Mr. O'Brien said IBEC would support businesses that work with their employees to ensure the schemes survive but large companies such as Irish Life clearly have not been working with their employees and they have wound these schemes down. I refer to Irish Life because it has one of the more high-profile schemes. It has a huge surplus and there has been no engagement with employees. The company is proceeding to wind the scheme down. Does IBEC support that?

Mr. Fergal O'Brien

The vast majority of companies will engage with their employees in an extended consultation process around changes to the schemes. That is what is happening every day and IBEC supports many of those members to do that. We are aware of individual cases in the media but the changes proposed in the legislation are not the solution to that. Ms McElwee will comment on the issue of engagement.

Ms Maeve McElwee

It is our general experience that most employers will engage with their staff regarding changes to defined benefit pension scheme commitments. There are significant equality issues in the treatment of staff on defined benefit schemes and those on defined contribution schemes. It behoves employers, therefore, to engage throughout the process and, in general, that is what happens. As Mr. O'Brien said, there may be individual exceptions but it is not the generality because obviously one wants to see a good work environment continuing. Employers that have engaged with defined benefit pension schemes typically provide benefits over and above what they are required to and, therefore, they are keen to ensure they maintain the good working relationship those schemes have generated for the business. However, they have to deal with existing financial pressures on them.

Mr. Fergal O'Brien

Deputy Brady asked if IBEC had specific solutions to the issue. We welcome the suggested changes by the Pensions Authority to support businesses that wish to maintain defined benefit schemes.

Regarding the Chairman's comments, we are concerned that we do not see evidence of sufficient regulatory assessment of the impact of the proposed legislative changes. We would like a much more comprehensive assessment of the unintended consequences of the proposed Bill. It will accelerate a decline in defined benefit schemes. These are voluntary schemes. Why would any employer in their right mind continue to be involved in these schemes when they become mandatory and have excessive regulation associated with them? We are concerned about creating an environment that will make it entirely unsustainable for employers to continue to support defined benefit schemes.

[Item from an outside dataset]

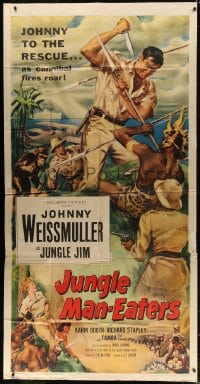 2x505 JUNGLE MAN-EATERS 3sh 1954 Cravath art of Johnny Weissmuller as Jungle Jim vs cannibals!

We have made a significant point about a subset of companies and the Pensions Authority has mentioned the accounting standards issues in this context. That reinforces the need for a proper regulatory impact assessment of the proposed changes because this goes beyond the Pensions Act issues and those the authority will examine. They require much more of a whole-of-Government consideration of the proposed changes but if they result in substantial additional debt going on to the balance sheets of companies, that will not be without commercial implications and potential risk to them.

From what we have heard, we do not think the issue has been sufficiently looked at right across Government. That would concern us. At its core, we very much concur with the view that we do not see the evidence of a proper impact assessment here of the implications of the proposed changes.

We may have covered some of the points mentioned by Deputy Joan Collins. The matter is multifaceted and a range of factors are in play as to why we have seen such a demise in defined benefit schemes. It is the reality of the State, as an employer, and it has accepted that it is not affordable to maintain final salary defined benefit schemes. It is the reality of what has happened. We have seen that in other public sector employment cases internationally as well. To force a subset of private sector employers to continue with final salary defined benefit schemes would be absolutely unfair.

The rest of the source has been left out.